Appalling.

Date: 2012-08-02 04:24 am (UTC)
From: [identity profile] marveen.livejournal.com
I knew there were people like that in the world, but I didn't know they had successfully infiltrated so far.

I grew up on five acres. With trees. We have no poison ivy, nettles or poisonous snakes on the property.

I and the kid next door (until they moved away) went barefoot, climbed trees, made "swords" out of sticks with a crossed quillion and had swordfights, made bows & arrows ditto (driving my mother up a tree by experimenting with knapped glass arrowheads), dug holes to see what moles did, built "forts" in the tall grass, cracked rocks open with other rocks to see what was inside, rode our bikes miles down the road without helmets/pads and did tricks & stunts (and fell off occasionally), picked and ate various wild foodstuffs, had snowball fights during the rare snowfalls, played in (and occasionally fell in) the crick out in the back pasture, and drank out of the hose.

I never fell out of a tree, never broke a bone, never ate anything poisonous or even bellyache-inducing. (I seem to be immune to green apples.) I did cut my knee wide open when I was six crawling under a barbwire fence, but I got a bandaid rather than stitches and learned to step through instead of crawling under. (The scar is still an inch long, it was impressive when I was six.)

Fortunately, the kids I know of related to myself aren't growing up wrapped in tissue paper.

A cautionary study

Date: 2012-08-02 01:53 pm (UTC)
From: [identity profile] old-cutter-john.livejournal.com
Take a look at this (http://www.psychologytoday.com/blog/freedom-learn/201207/all-work-and-no-play-make-the-baining-the-dullest-culture-earth).

Date: 2012-08-02 08:03 pm (UTC)
From: [identity profile] sayga.livejournal.com
The one about Portland was especially cool.
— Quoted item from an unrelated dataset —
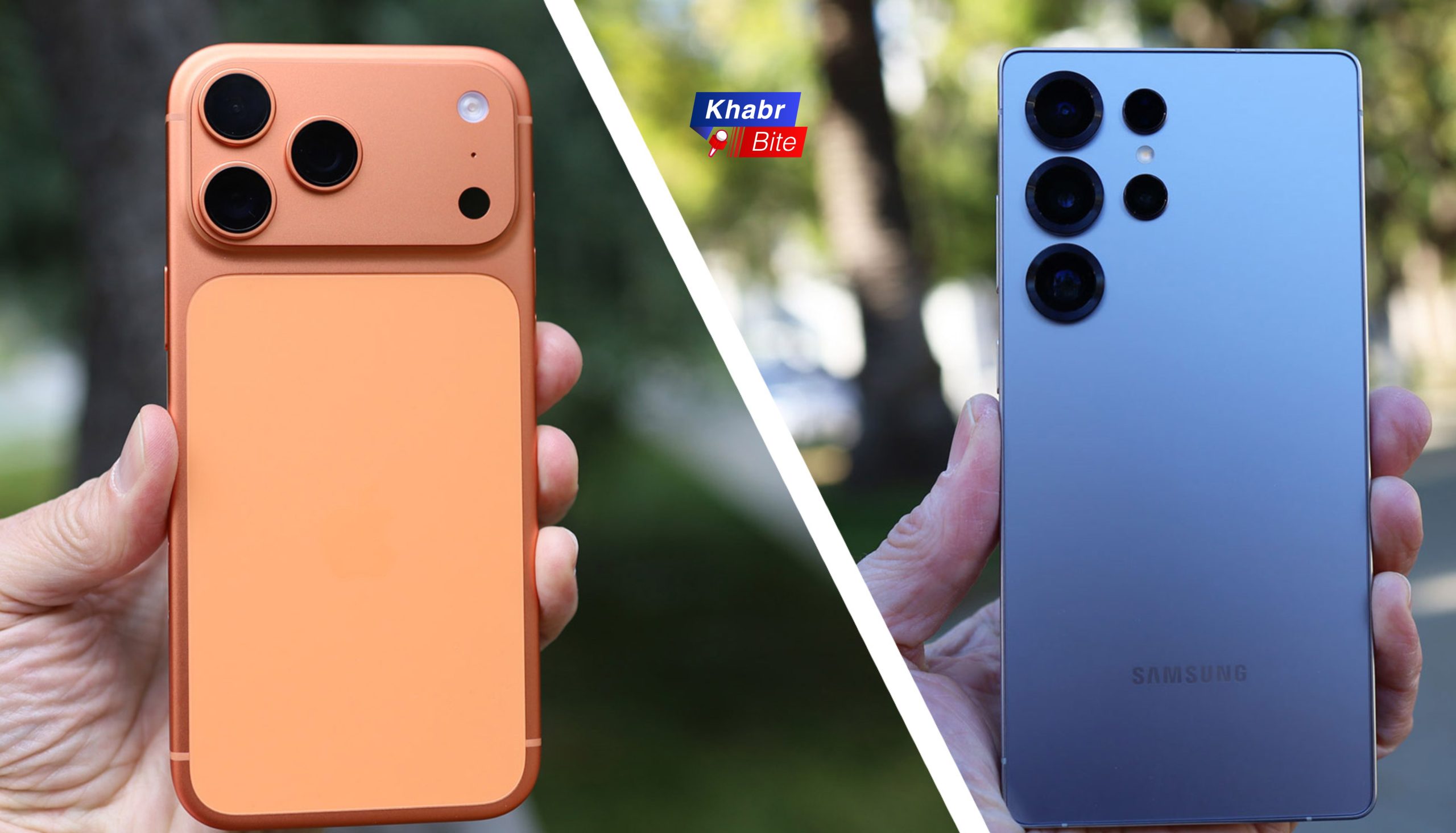 Apple iPhone 17 Pro Max vs Samsung Galaxy S25 Ultra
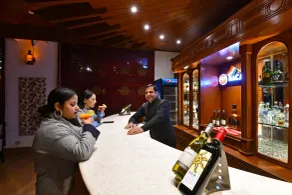 Mastiff Grand Manali Resort - Reception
We love to take our kids to Tryon State Park, and we live right by the Southwest Community center. It's interesting to hear about that kind of thing, but I haven't witnessed it in Portland.

Kira's school has an EcoThink club, and they go into the woods and do experiements and interact with nature. One was testing the pH of streams vs a stagnant pond. Another was identifying invasive weeds and talking about how invasive plant species can be stopped (and the kids had their shoes dusted/brushed off before entering the wildlife area, to prevent spread of invasive species through seeds on shoes). I imagine that was more structured, but whatever they did (I wasn't present at the club meetings), the kids learned and were really excited to talk about how cool it was. I find that most people in Portland LOVE to interact with nature.

Tucson was very different. As much as I love and miss Tucson, people were always SHOCKED that we would go hiking, make staffs out of sagurao spines, look for scorpions, catch horny toads, or even just walk to the grocery store. I didn't meet a lot of people who did that stuff.

Date: 2012-08-02 08:11 pm (UTC)
From: [identity profile] sayga.livejournal.com
Wow, that was a fascinating read! I thought this was incredible: "They consider adoption to be the ideal form of parenting, because to raise someone else’s child is less natural than to raise one's own. At the time that Fajans studied them, 36% of the children were adopted. In Baining tradition, if someone asks to adopt your child it is not polite to refuse their request."

I can barely comprehend that. I wonder if it happens often that someone asks to adopt your child. I wonder if it would be permissable or desireable for 2 couples to agree ahead of time to have children and then swap.